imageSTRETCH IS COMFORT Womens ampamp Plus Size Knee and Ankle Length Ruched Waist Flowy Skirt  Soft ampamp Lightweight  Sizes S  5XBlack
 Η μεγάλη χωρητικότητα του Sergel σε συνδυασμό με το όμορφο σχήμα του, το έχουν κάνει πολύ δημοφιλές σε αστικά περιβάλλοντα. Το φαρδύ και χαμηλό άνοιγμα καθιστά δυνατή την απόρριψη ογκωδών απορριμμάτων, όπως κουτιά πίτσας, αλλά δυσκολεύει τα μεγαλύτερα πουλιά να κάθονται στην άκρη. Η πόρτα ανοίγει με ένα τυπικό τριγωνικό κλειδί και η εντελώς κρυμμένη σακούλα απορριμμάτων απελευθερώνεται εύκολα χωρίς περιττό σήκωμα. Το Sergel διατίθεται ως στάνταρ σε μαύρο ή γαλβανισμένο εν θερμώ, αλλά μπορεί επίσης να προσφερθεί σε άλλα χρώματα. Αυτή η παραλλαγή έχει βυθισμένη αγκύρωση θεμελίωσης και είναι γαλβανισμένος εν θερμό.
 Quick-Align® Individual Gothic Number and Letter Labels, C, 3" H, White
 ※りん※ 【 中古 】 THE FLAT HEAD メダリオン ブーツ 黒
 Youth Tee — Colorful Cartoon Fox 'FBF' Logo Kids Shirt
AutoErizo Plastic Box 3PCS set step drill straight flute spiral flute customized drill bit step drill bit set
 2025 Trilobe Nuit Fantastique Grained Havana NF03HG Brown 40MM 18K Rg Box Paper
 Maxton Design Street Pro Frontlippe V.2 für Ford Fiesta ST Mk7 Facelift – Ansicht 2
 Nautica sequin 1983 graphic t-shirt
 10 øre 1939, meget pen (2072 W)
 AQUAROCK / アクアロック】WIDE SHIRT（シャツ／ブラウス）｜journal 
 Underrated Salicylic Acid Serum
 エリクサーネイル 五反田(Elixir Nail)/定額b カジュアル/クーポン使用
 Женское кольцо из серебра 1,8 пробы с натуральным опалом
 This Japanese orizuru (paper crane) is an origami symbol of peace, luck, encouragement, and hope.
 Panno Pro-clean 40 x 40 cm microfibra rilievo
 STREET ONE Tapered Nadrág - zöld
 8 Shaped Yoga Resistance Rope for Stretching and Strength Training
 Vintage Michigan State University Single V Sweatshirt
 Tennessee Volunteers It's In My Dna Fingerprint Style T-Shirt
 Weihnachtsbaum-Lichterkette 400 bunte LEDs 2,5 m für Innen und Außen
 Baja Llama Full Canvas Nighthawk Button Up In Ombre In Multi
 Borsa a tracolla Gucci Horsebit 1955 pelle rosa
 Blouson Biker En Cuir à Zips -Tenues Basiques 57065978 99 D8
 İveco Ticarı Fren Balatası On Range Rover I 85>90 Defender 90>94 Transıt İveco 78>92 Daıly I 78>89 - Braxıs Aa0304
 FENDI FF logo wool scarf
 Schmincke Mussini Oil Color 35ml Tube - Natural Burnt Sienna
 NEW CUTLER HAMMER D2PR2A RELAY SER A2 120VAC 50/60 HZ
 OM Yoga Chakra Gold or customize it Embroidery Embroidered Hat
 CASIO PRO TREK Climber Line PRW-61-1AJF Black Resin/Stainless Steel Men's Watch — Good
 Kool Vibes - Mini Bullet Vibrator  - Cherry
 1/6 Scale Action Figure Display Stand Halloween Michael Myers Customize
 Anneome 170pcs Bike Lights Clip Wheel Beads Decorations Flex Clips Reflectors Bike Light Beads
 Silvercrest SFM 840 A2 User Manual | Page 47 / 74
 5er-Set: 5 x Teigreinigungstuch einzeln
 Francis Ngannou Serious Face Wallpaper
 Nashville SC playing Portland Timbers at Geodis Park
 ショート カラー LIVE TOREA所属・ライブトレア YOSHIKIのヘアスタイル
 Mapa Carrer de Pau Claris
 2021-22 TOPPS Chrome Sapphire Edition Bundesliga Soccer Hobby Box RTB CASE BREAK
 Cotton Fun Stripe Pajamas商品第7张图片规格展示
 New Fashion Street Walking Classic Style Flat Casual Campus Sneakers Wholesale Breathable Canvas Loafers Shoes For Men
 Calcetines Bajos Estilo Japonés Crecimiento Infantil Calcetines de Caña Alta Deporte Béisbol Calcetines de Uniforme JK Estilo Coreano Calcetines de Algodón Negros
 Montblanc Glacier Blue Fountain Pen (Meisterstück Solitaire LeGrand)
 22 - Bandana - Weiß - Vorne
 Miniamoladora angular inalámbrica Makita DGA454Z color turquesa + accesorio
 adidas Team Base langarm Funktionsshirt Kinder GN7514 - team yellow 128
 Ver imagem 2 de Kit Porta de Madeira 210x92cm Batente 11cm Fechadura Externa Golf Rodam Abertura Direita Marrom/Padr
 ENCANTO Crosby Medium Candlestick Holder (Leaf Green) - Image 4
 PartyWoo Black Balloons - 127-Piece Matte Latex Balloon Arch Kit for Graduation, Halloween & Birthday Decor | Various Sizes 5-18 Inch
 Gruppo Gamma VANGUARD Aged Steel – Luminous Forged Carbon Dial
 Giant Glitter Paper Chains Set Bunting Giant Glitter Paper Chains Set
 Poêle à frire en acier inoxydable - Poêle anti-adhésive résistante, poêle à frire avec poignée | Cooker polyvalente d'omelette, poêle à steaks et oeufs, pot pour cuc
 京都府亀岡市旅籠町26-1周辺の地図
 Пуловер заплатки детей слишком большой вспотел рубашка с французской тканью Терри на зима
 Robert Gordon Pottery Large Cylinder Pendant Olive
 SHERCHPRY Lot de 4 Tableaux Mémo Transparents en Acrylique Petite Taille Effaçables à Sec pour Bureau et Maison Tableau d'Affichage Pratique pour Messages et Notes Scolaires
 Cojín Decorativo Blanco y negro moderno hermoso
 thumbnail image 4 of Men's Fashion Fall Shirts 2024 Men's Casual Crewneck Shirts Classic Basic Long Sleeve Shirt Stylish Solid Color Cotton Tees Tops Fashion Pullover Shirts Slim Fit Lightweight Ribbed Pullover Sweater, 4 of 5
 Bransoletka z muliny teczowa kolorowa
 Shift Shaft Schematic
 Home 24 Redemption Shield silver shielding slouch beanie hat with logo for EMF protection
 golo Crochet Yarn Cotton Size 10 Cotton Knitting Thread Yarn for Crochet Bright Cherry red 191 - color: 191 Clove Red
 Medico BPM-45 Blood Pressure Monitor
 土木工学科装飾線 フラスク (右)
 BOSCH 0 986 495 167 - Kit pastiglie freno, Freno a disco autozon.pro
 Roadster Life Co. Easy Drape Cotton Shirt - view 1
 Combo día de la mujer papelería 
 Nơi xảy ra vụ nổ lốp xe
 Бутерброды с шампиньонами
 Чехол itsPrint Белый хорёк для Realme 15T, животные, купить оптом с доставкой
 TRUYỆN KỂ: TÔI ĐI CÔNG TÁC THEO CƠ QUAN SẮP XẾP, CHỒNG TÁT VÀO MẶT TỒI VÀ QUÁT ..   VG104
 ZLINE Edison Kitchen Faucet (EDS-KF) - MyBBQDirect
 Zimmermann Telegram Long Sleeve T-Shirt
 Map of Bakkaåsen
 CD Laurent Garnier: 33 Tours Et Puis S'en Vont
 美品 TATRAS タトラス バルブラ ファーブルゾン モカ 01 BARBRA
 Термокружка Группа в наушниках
--------------------
**Exercise directions**.
In the entries above, one line contains "Женское кольцо из" and another contains "Cotton Fun Stripe Pajamas商品第7张图片规格展示". Reproduce exactly those two lines and the lines between them, nothing else.

**Answer space**.
 Женское кольцо из серебра 1,8 пробы с натуральным опалом
 This Japanese orizuru (paper crane) is an origami symbol of peace, luck, encouragement, and hope.
 Panno Pro-clean 40 x 40 cm microfibra rilievo
 STREET ONE Tapered Nadrág - zöld
 8 Shaped Yoga Resistance Rope for Stretching and Strength Training
 Vintage Michigan State University Single V Sweatshirt
 Tennessee Volunteers It's In My Dna Fingerprint Style T-Shirt
 Weihnachtsbaum-Lichterkette 400 bunte LEDs 2,5 m für Innen und Außen
 Baja Llama Full Canvas Nighthawk Button Up In Ombre In Multi
 Borsa a tracolla Gucci Horsebit 1955 pelle rosa
 Blouson Biker En Cuir à Zips -Tenues Basiques 57065978 99 D8
 İveco Ticarı Fren Balatası On Range Rover I 85>90 Defender 90>94 Transıt İveco 78>92 Daıly I 78>89 - Braxıs Aa0304
 FENDI FF logo wool scarf
 Schmincke Mussini Oil Color 35ml Tube - Natural Burnt Sienna
 NEW CUTLER HAMMER D2PR2A RELAY SER A2 120VAC 50/60 HZ
 OM Yoga Chakra Gold or customize it Embroidery Embroidered Hat
 CASIO PRO TREK Climber Line PRW-61-1AJF Black Resin/Stainless Steel Men's Watch — Good
 Kool Vibes - Mini Bullet Vibrator  - Cherry
 1/6 Scale Action Figure Display Stand Halloween Michael Myers Customize
 Anneome 170pcs Bike Lights Clip Wheel Beads Decorations Flex Clips Reflectors Bike Light Beads
 Silvercrest SFM 840 A2 User Manual | Page 47 / 74
 5er-Set: 5 x Teigreinigungstuch einzeln
 Francis Ngannou Serious Face Wallpaper
 Nashville SC playing Portland Timbers at Geodis Park
 ショート カラー LIVE TOREA所属・ライブトレア YOSHIKIのヘアスタイル
 Mapa Carrer de Pau Claris
 2021-22 TOPPS Chrome Sapphire Edition Bundesliga Soccer Hobby Box RTB CASE BREAK
 Cotton Fun Stripe Pajamas商品第7张图片规格展示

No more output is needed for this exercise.